So after the first two weeks, I was able to set up a basic structure and CI system for my upcoming Tasks.
That’s all folks! Stay tuned for more updates…
GSoC Phase 1 Final Week
Published on: 23 Jun 2017, Fri
Hey everyone! I hope you all are having a fantastic summer. The first phase of my GSoC project is about to end, and I’ll be soon filling up my evaluation. In this post, I’ll summarize my progress (like I’ve been doing in all my previous posts :p). Okay so here it goes.
TLDR;
Here’s my progress since my last blog post (almost 2 weeks ago)
- Reiterated on Appveyor and Travis PRs and got them merged.
- Went through multiple iterations of my Info Extraction framework’s PR, implemented some new cool features and got the PR merged : tada:
- Extracted information from the files:
package.json
Gemfile
.editorconfig
What’s next?
Phase 2, obviously! :P
As I pulled the Continuous Integration tasks from Phase 3 of my proposal to Phase 1, I had to push some of the tasks as stretch goals. I and my mentors will be discussing the future tasks to pursue in the upcoming weekly meeting, and we’ll adjust the timeline accordingly (don’t worry I’ll update everyone once we finalize the tasks :P)
The next Phase will majorly involve utilizing the information that I’ve been able to extract via my Info Extraction framework. It’s gonna be slightly tight as I’ve my campus placements upcoming (damn yes! days of anxiety are near) and I’ll have to prepare for them as well (fingers crossed :))
A deeper dive into my work
These two weeks, I underwent multiple iterations of my previous week’s work until they were in perfect shape (Oh yes, getting the code merged is much more exhausting than writing the code).
Travis and Appveyor
Finally, I was able to figure out the mysteries of Travis, CircleCI, and Appveyor. Now we have Travis, Circle CI, and Appveyor integrated into the coala-quickstart
repository. This is a very useful step as I’ll be able to make sure my solution works flawlessly across different Operating Systems.
Here’s how the tree looks like now
I remember when I joined this Open Source world I used to consider these CI checks as “annoying mystery systems”:sweat_smile:, but later I realized their importance and appreciate the services they offer for free to the open source projects.
It was disappointing the Travis builds for OSX took a crazy long time to start and I eventually ending up removing them from the configuration.
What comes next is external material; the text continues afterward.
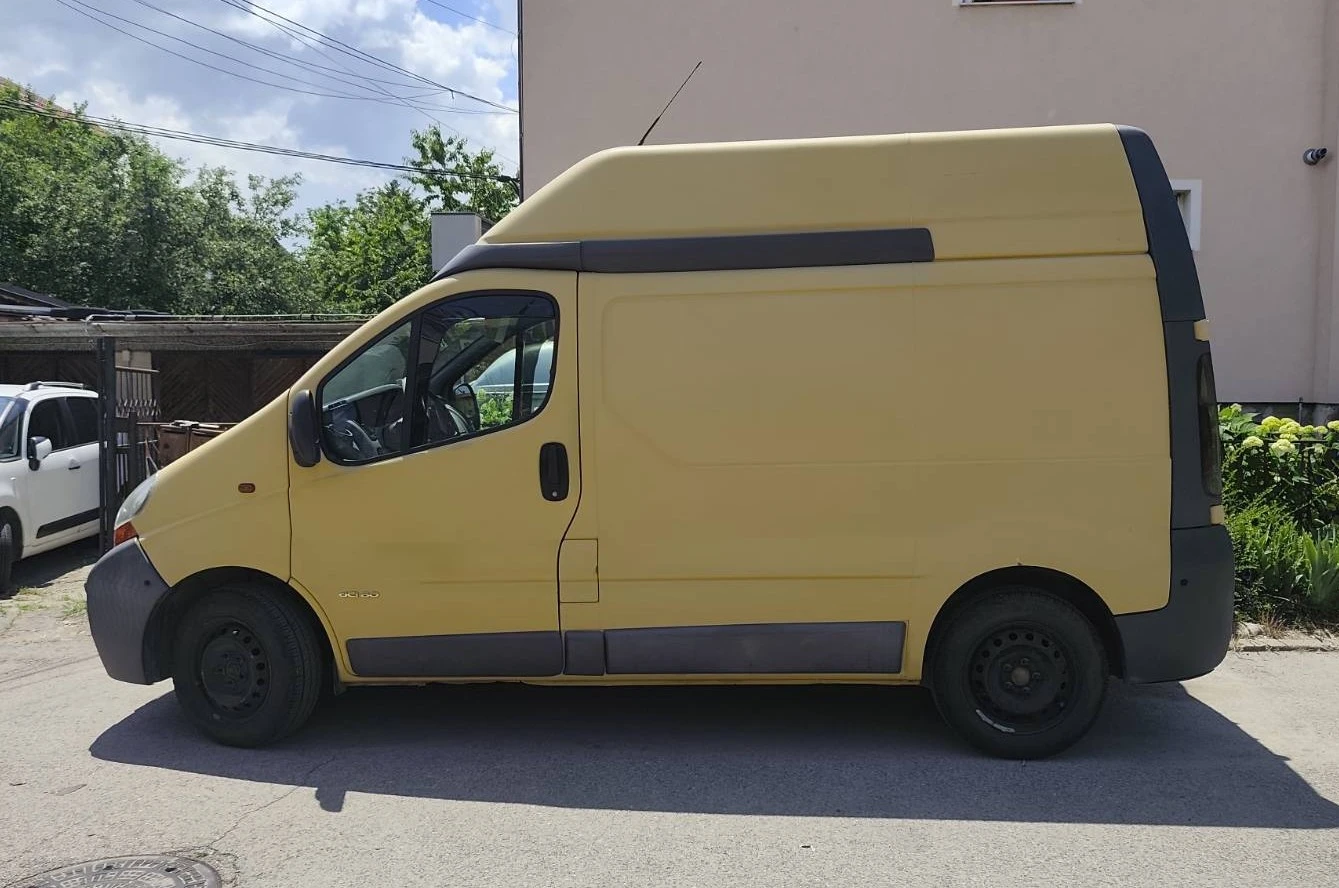 Renault Trafic  H2 L1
I’m planning to try some other CI service for OSX if I finish early with my GSoC tasks.
Special thanks to John (@jayvdb) for helping me out with all this.
The Information Extraction Framework
After making several iterations to my basic version of cEP-0009, we ended up with a pretty robust module with some cool features, one of them being the “type signature” based information value validation. If you are wondering what that means, let me demonstrate with some examples:
def assert_type_signature(value, type_signature, argname):
"""
Validates the value with the type_signature recursively. The type
signature is either a single type object, or a collection of type
objects or allowed values or type signatures.
>>> assert_type_signature(3, int, "var")
True
>>> assert_type_signature(3, (3,), "var")
True
>>> assert_type_signature([3,4], ([int],), "var")
True
>>> assert_type_signature([3.0 ,4], ([int, float],), "var")
True
>>> assert_type_signature([3,4], ([1, 2, 3, 4],), "var")
True
>>> assert_type_signature(["foo", 420], [[str, int]], "var")
True
>>> assert_type_signature("tab", {"tab", "space"}, "var")
True
:param value: Object to be validated against ``type_signature``.
:param type_signature: Object that describes allowed types and values for
the ``value``.
"""
^^ I was bit lazy and ended up copy-pasting the inline documentation :P The main idea being it will be able to enforce constraints on the possible values an Info
class can take in my framework. It’s very flexible, and you can give complicated type signatures like
type_signature = ([str, int, 9.5], "Hello", "coala!", [[classA], [int]])
Hmm, so let’s see what all values match the above type signature:
- 9.5
- [“some string”]
- [4, 5, “another string”]
- “Hello”
- [[4,2,1]]
And what doesn’t match
- “Foo”
- 5.7
- [2, 2.3]
- [[“some string”]]
Note: The outer tuple is just a container of multiple possible type signatures and has no role in type matching.
It was easy, isn’t it?
Okay, so after some iterations, I was finally able to get the concerned PR merged : tada:
Implementing InfoExtractor
classes
For the first phase, the files we ended up picking were
- package.json
- Gemfile
- .editorconfig
After the implementation of the Information Extraction Framework, the only tasks that I need to focus on are:
- Parsing the file.
- Finding information from the parsed file.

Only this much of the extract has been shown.